Nous ne disons pas que c'est LA solution universelle, mais simplement que ça vaut le coup d'essayer.
L.R : Une cup rigide est une cup qui sollicite les muscles vaginaux en permanence. Une cup trop molle se déplie mal. Il a donc fallu trouver le bon équilibre. Grâce à sa forme particulière, même avec un silicone assez tonique, la Cup Luneale peut s'aplatir en fonction des mouvements et de l'anatomie sans que cela ne joue sur son étanchéité.
Pour les sports aquatiques, la cup est idéale, car elle crée une véritable barrière qui empêche l'eau de pénétrer dans le vagin, contrairement aux tampons qui ont tendance à se gorger d'eau.
L.R : Nous sommes attentifs à cette question, car le syndrome du choc toxique est très grave. Comme il s'agit d'une infection en partie liée aux règles, il est de notre devoir de maintenir à jour nos sur le sujet connaissances afin de pouvoir informer nos utilisatrices.
Malheureusement, il y a encore peu de certitudes et peu d'études scientifiques et les équipes de recherche spécialistes du sujet aboutissent à des conclusions opposées sans que l'on ne puisse en connaître les raisons. C'est certain qu'il y a donc besoin de plus de preuves scientifiques.
À côté de cela, les protections jetables traditionnelles ont d'autres incidences avérées : l'absorption des tampons dessèche la muqueuse et la rend plus fragile. Par ailleurs, on ne connaît toujours pas bien la composition de ces produits : des traces de perturbateurs endocriniens et de substances controversées y sont régulièrement détectées par les associations indépendantes qui les testent...
L.R : Oui ! Le design de ces cups est même un vrai avantage pour les porteuses de stérilet, car il diminue considérablement l'effet ventouse au moment du retrait.
Il y a quand même quelques précautions à prendre, notamment de demander au médecin qui vous a placé votre stérilet de couper les fils assez court pour ne pas risquer de traction, et attendre 3 mois après la pose du stérilet pour utiliser votre cup (car c'est pendant cette période que les expulsions spontanées sont les plus nombreuses.)
L.R: Une cup Luneale bien entretenue peut se conserver 5 ans sans souci, et elle coûte moins de 25€. L'entretien est très facile, puisqu'il suffit de la rincer à l'eau à chaque fois qu'on la vide (donc toutes les 8h au maximum).
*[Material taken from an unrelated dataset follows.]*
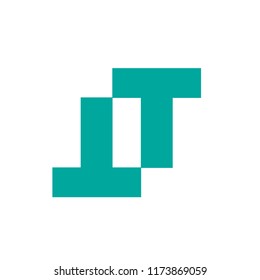 Flat Powerful T and T Logo Icon Emblem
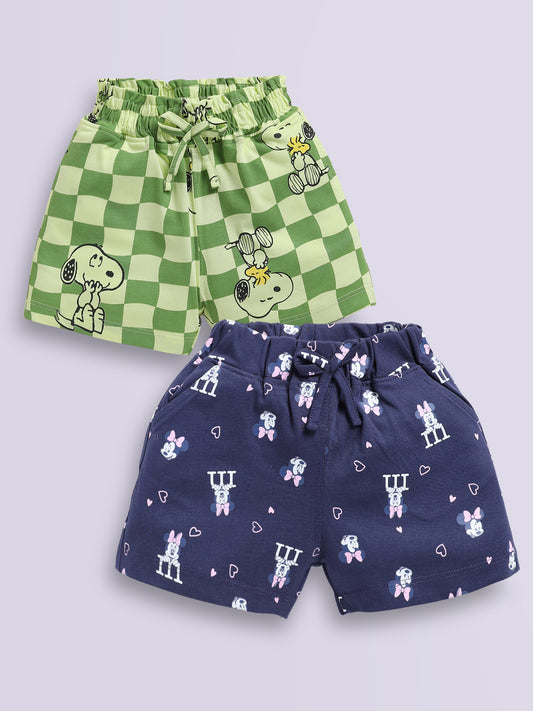 Biskid Girls Disney "Mickey & Friends" Pack of 2 Green Checkered Snoopy and Navy Blue Minnie Mouse All-Over Print Casual Shorts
Ensuite, entre deux cycles, il suffit de la placer dans un bocal en verre rempli d'eau 5 minutes au micro-ondes pour la stériliser. On peut aussi utiliser un nettoyant adapté, c'est à dire avec une composition saine, un pH acide - adapté à la muqueuse interne - et qui n'altère pas le matériau de la cup.
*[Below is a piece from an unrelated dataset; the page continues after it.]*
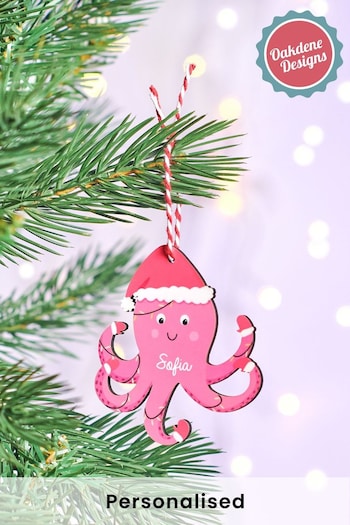Personalised Festive Octopus Christmas Tree Decoration by Oakdene (K25366) | £8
L'offre étant très faible et peu adaptée en la matière, nos utilisatrices nous ont poussé à créer notre propre produit : la Mousse Culottée, un nettoyant intime "cup friendly" qui répond à ces critères.
L.R : Quand on est "cupeuse", on se rend vite compte qu'il y a souvent des toilettes handicapés (où un lavabo est présent) dans plein d'endroits ! Sinon, une petite bouteille d'eau avec un bouchon sport est souvent une alliée idéale.